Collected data
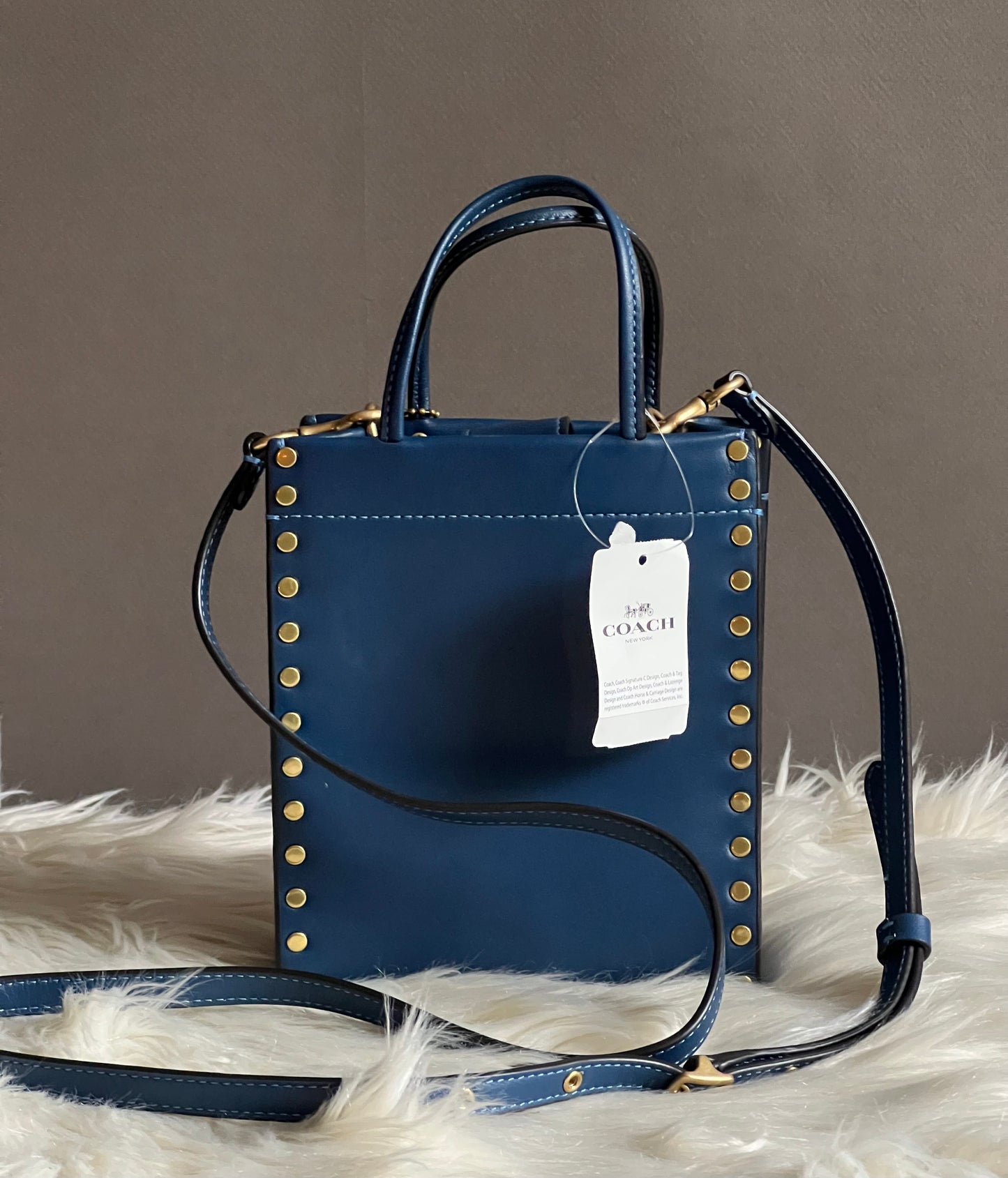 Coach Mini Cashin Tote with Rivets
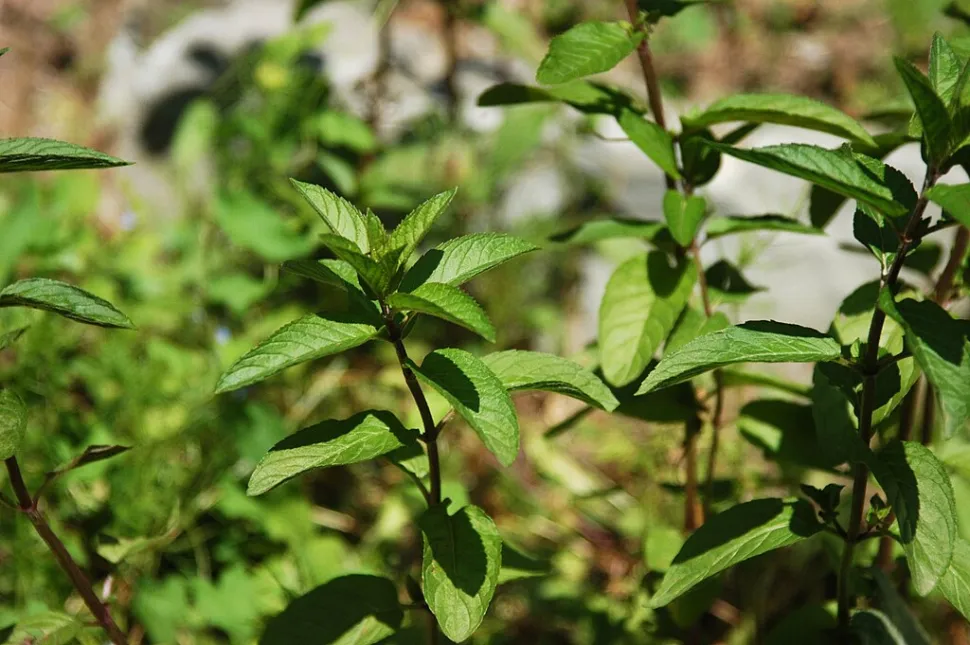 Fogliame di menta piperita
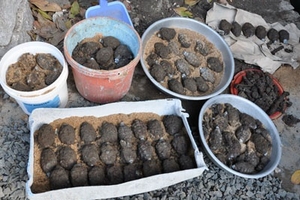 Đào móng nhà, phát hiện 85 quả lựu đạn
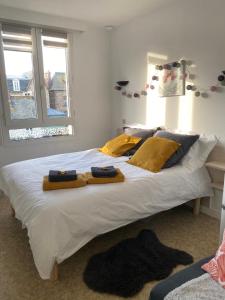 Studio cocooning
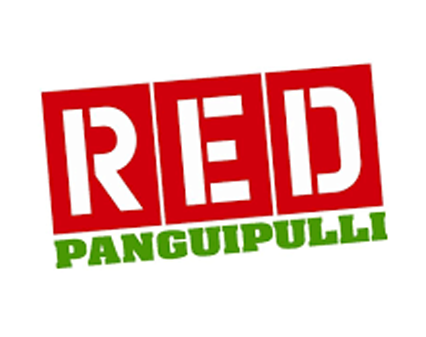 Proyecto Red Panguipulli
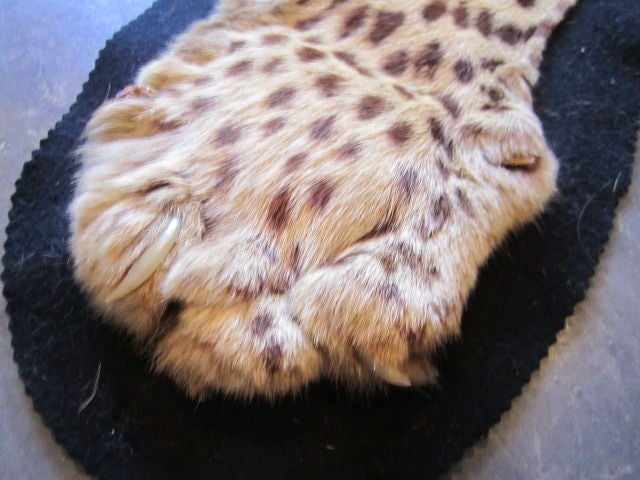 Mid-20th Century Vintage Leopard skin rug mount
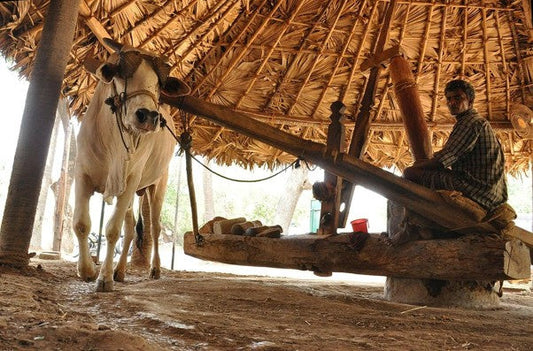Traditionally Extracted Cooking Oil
--
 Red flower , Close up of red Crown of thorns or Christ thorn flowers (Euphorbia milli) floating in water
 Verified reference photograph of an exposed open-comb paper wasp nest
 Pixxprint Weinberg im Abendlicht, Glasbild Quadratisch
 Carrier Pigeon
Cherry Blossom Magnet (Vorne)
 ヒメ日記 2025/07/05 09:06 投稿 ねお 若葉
---
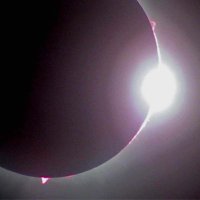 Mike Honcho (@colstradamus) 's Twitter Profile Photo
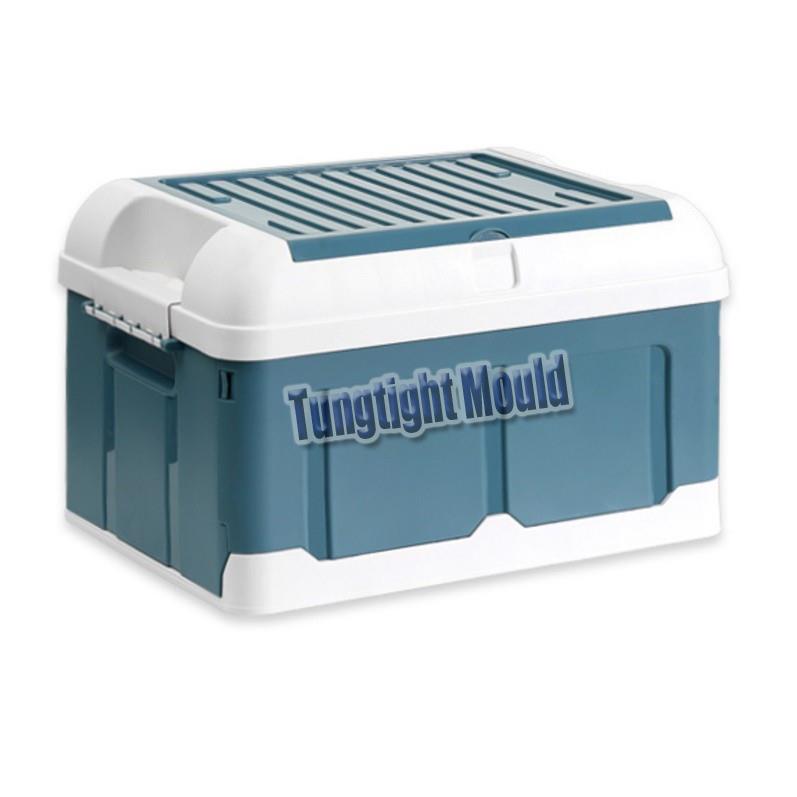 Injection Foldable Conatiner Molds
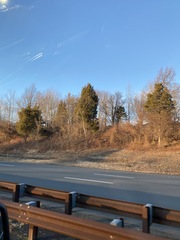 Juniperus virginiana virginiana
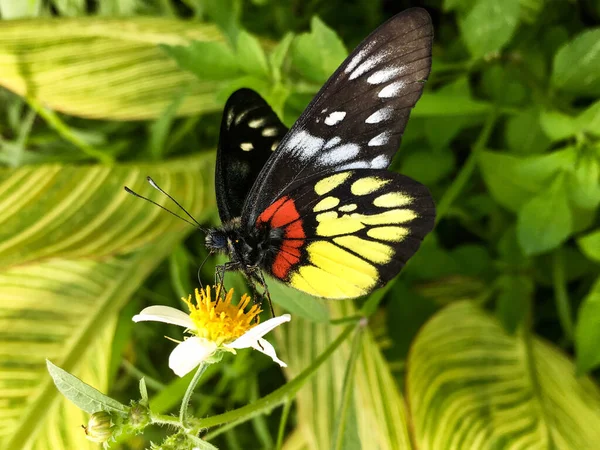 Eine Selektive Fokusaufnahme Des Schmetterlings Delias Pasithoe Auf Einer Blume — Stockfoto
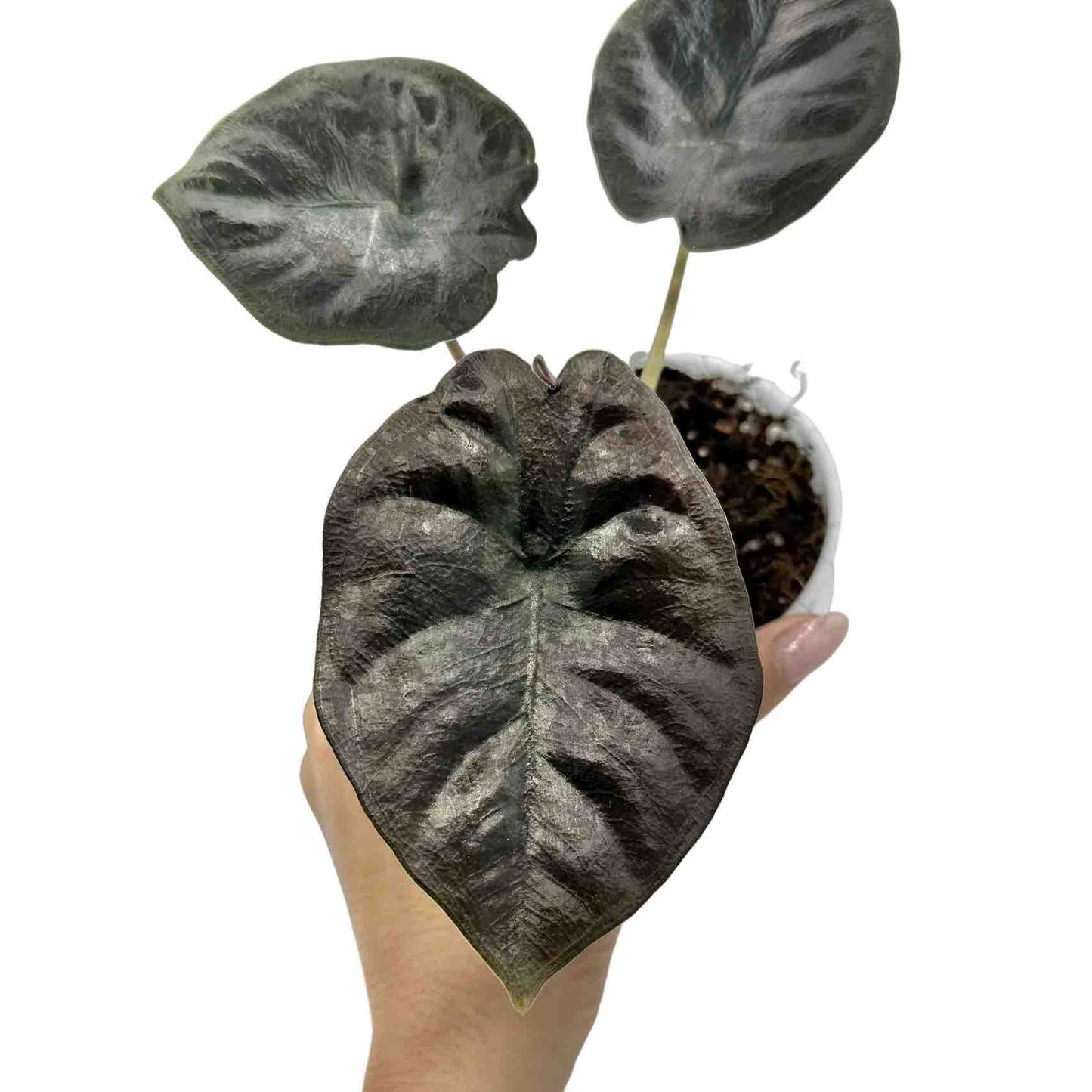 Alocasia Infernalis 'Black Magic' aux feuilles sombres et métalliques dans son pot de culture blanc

## Exercise requirements
Go to the line above holding "Coach Mini Cashin Tote with Rivets", then copy exactly each line down to and including the one holding "Traditionally Extracted Cooking Oil", leaving pictures out.

## Completed exercise
 Coach Mini Cashin Tote with Rivets
 Fogliame di menta piperita
 Đào móng nhà, phát hiện 85 quả lựu đạn
 Studio cocooning
 Proyecto Red Panguipulli
 Mid-20th Century Vintage Leopard skin rug mount
Traditionally Extracted Cooking Oil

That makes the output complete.